Stored data entries
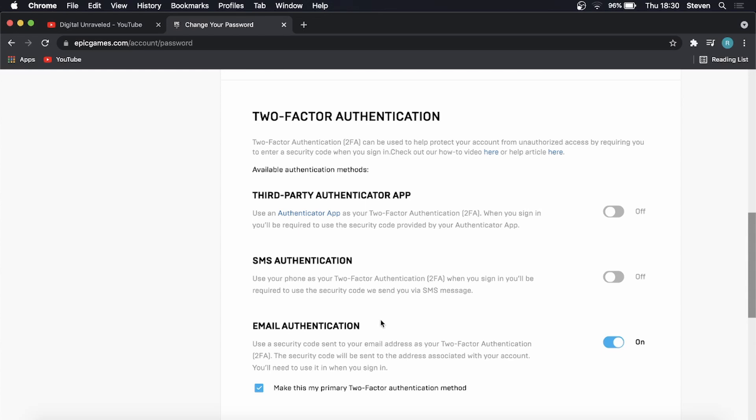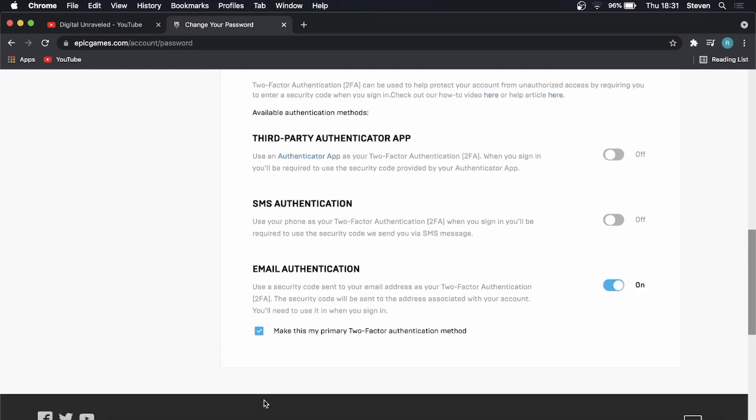I have personally decided to use email authentication, but whichever one you choose, all you need to do is toggle the switch on so it appears like this as on, and then you want to say make this my primary two-factor authentication method.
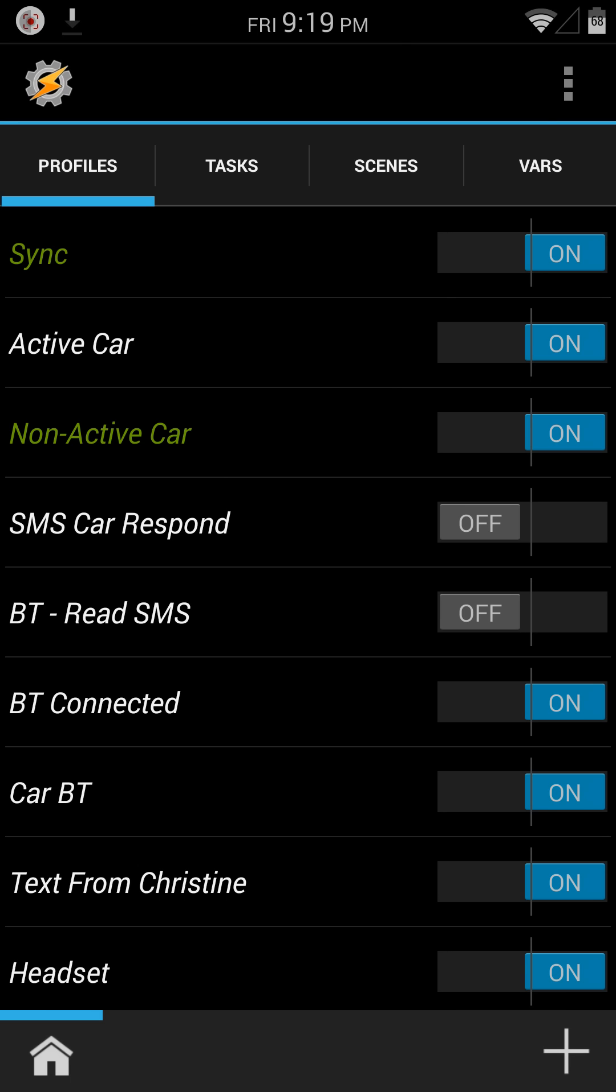I've got an active car, a non-active car, the SMS car respond, and Bluetooth read SMS, and I'll just kind of go through them in that order.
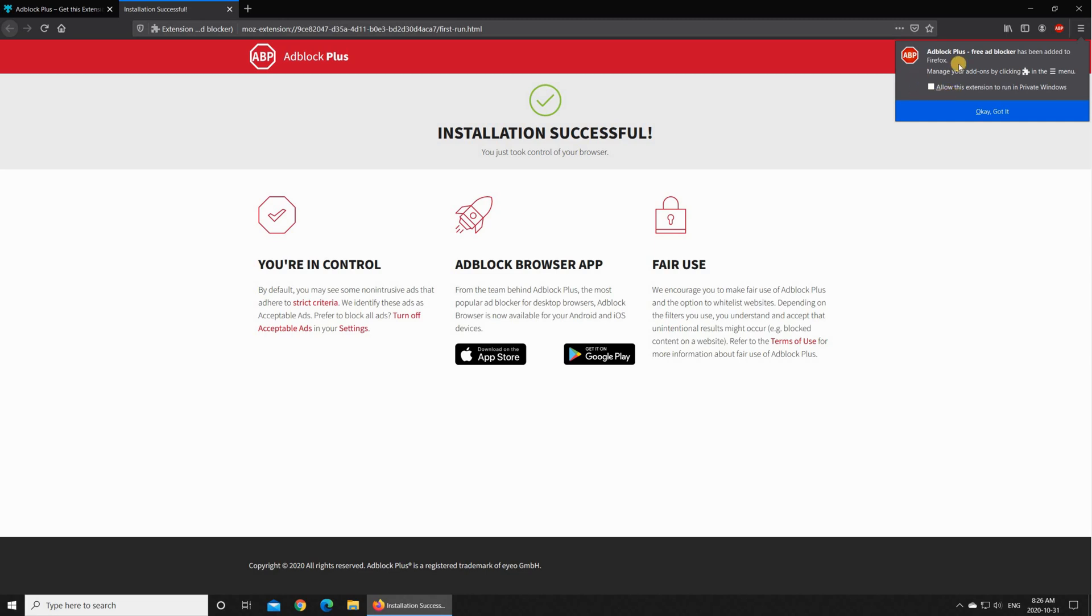I don't like to do this because when I start Firefox in a private session I like it to be without any extension, so I'm gonna leave this unchecked. Of course feel free to choose the option you want and then click on ok got it.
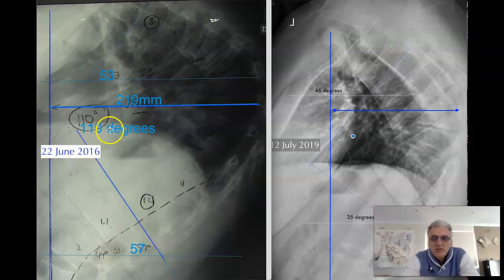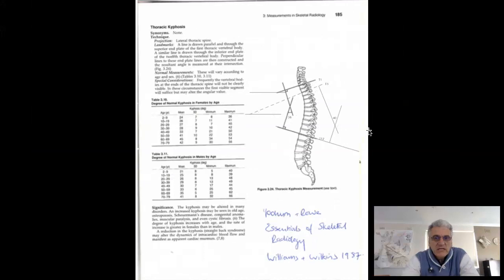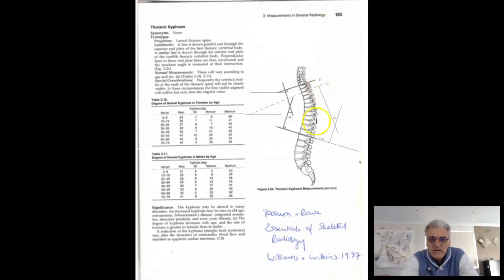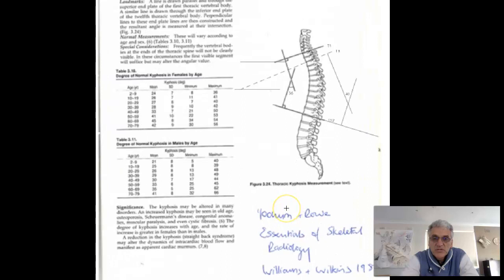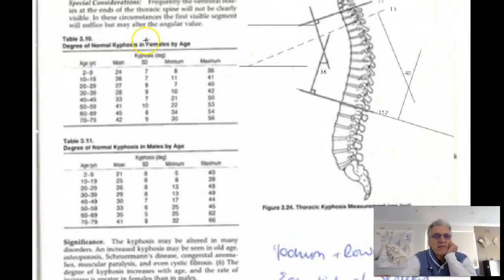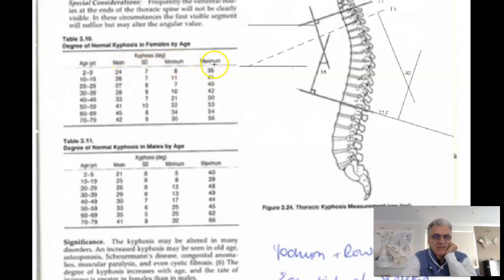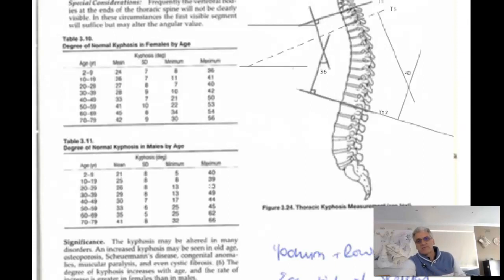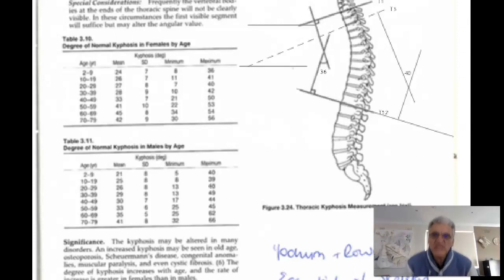So what does it all mean? We've got 110 degrees here and 81 degrees here. What it means is determined by taking a look at these values, which come from Joachim and Rose, Essentials of Skeletal Radiology, page 185, Williams and Wilkins Publishers, 1987. Females and males actually have different measurements, from the minimum value to the maximum value. This fellow is 29. His minimum value should be 13, his maximum value should be about 48. He's at 110 degrees — well above the maximum.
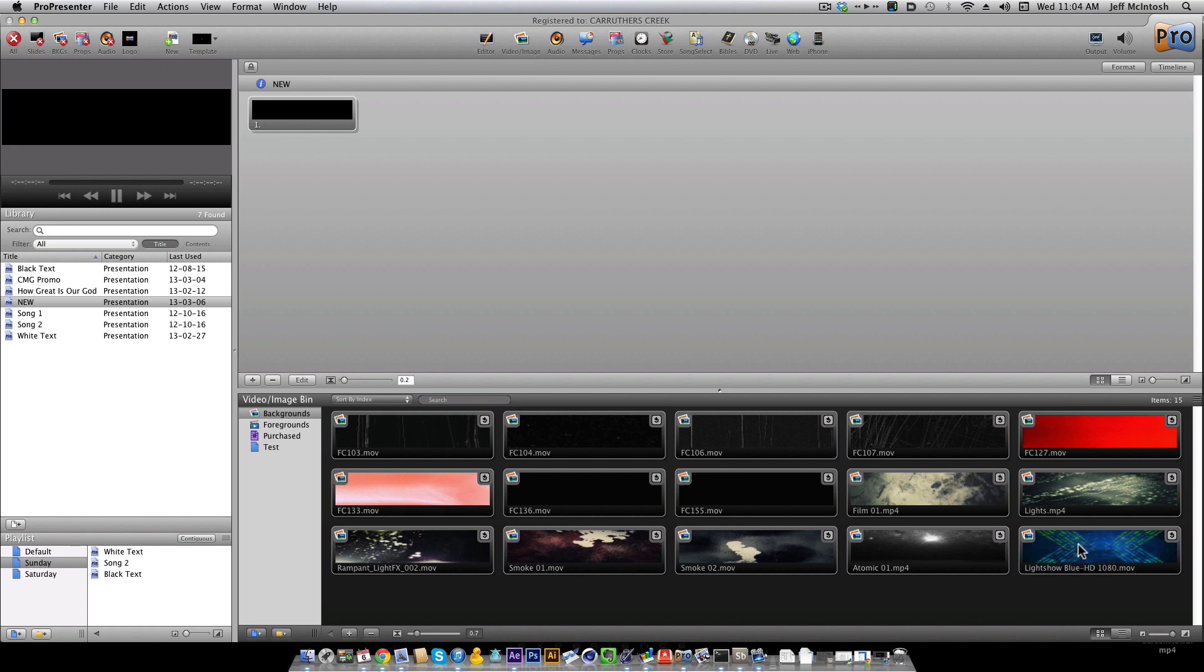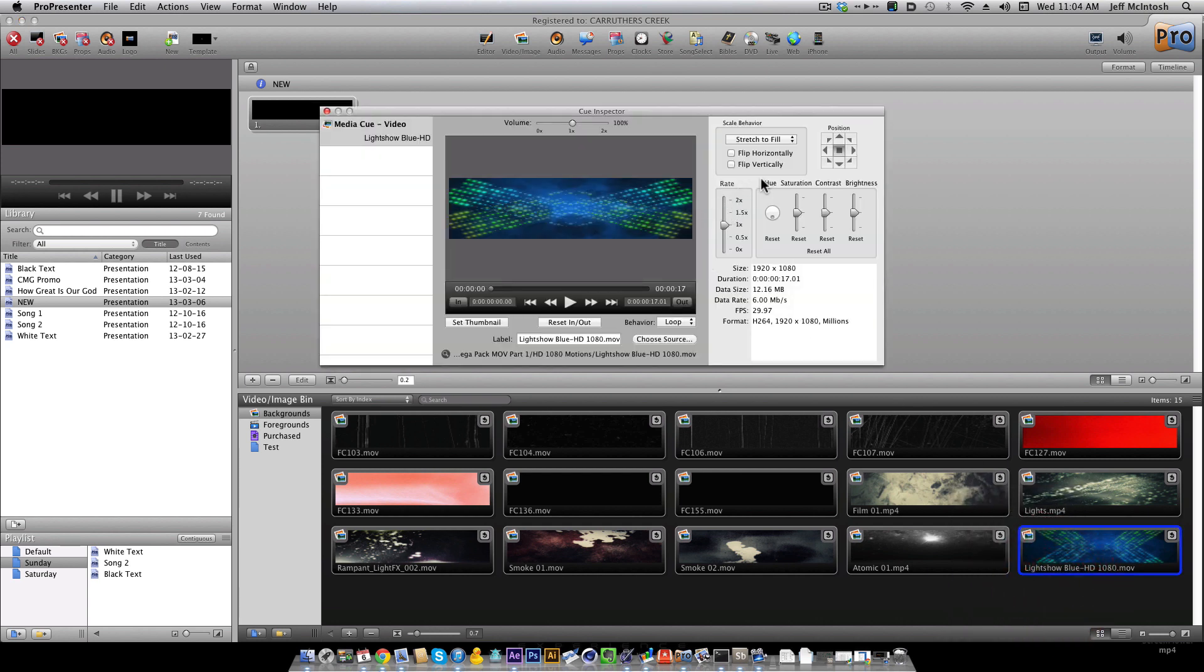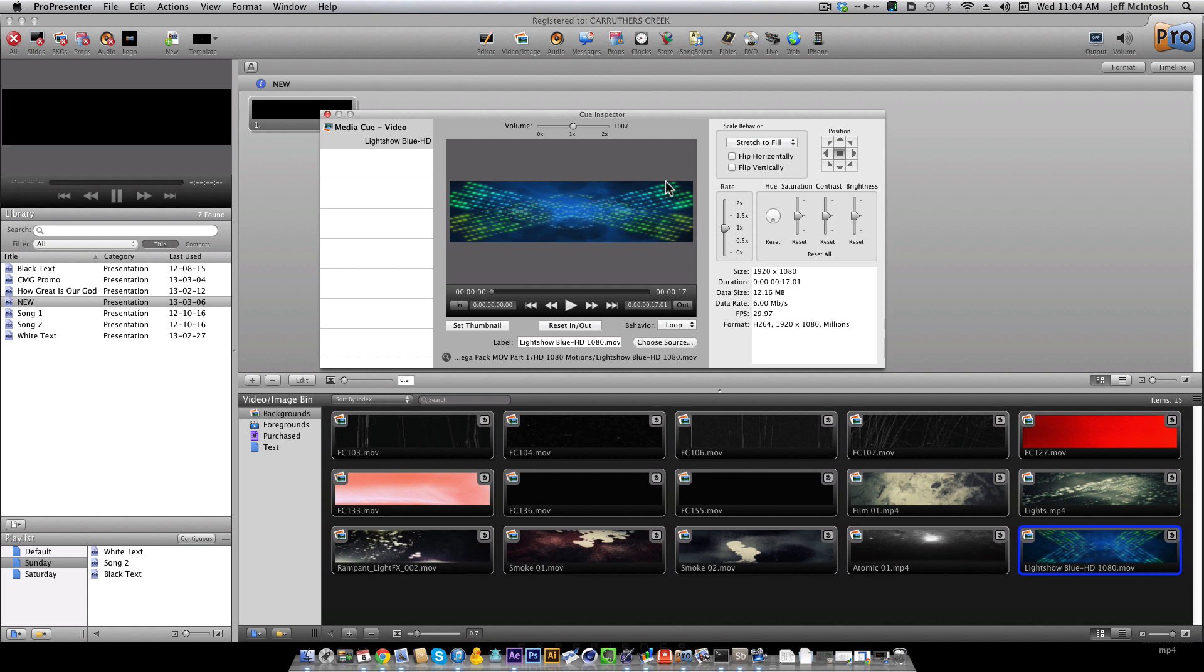So I'm going to right-click and select Properties on the clip that I want here. By default, I have all my clips set to Stretch to Fill.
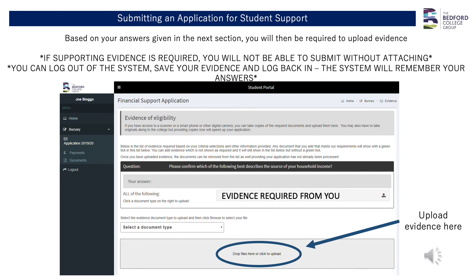The next page is about uploading evidence depending on your answers in the previous section. You can use scanned documents, high quality photographs, or screenshots taken from your phone as evidence to upload. Please ensure that you include all pages, that no information is missing, and that it can be easily read. Having everything correctly uploaded will ensure there are no delays with your assessment. The bursary team will contact you should they require further evidence.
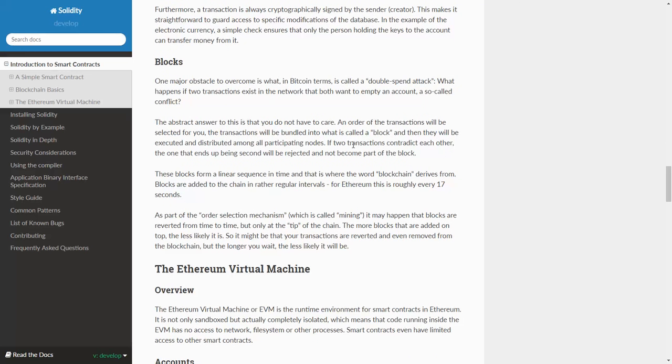Blocks. One of the major obstacles to overcome is what, in Bitcoin terms, is called a double-spend attack. What happens if two transactions exist in the network that both want to empty an account, a so-called conflict?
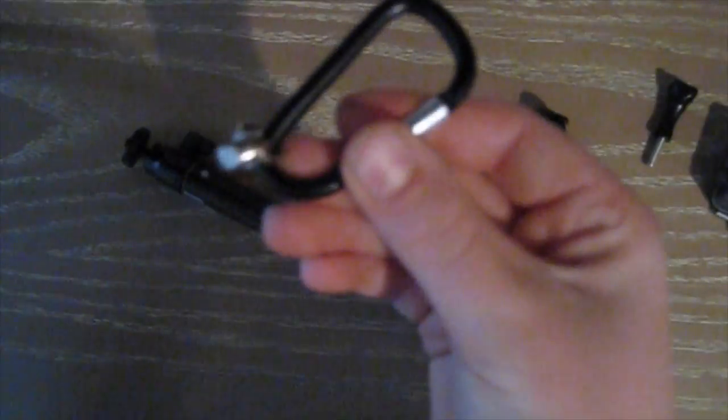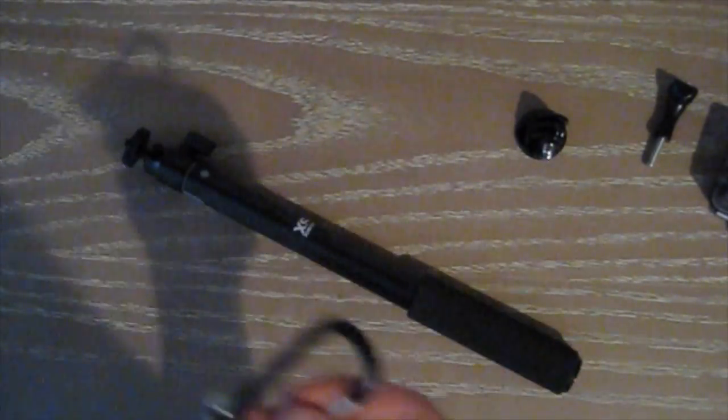The product includes a GoPro tripod adapter, a little tether, and the product, plus a little carabiner.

Exercise brief: Find the line containing "So I'm going" in the records above and restate it, and each line after it through the end, word for word, dropping the pictures.

Solution for this task:
So I'm going to right-click and select Properties on the clip that I want here. By default, I have all my clips set to Stretch to Fill.
The next page is about uploading evidence depending on your answers in the previous section. You can use scanned documents, high quality photographs, or screenshots taken from your phone as evidence to upload. Please ensure that you include all pages, that no information is missing, and that it can be easily read. Having everything correctly uploaded will ensure there are no delays with your assessment. The bursary team will contact you should they require further evidence.
Blocks. One of the major obstacles to overcome is what, in Bitcoin terms, is called a double-spend attack. What happens if two transactions exist in the network that both want to empty an account, a so-called conflict?
The product includes a GoPro tripod adapter, a little tether, and the product, plus a little carabiner.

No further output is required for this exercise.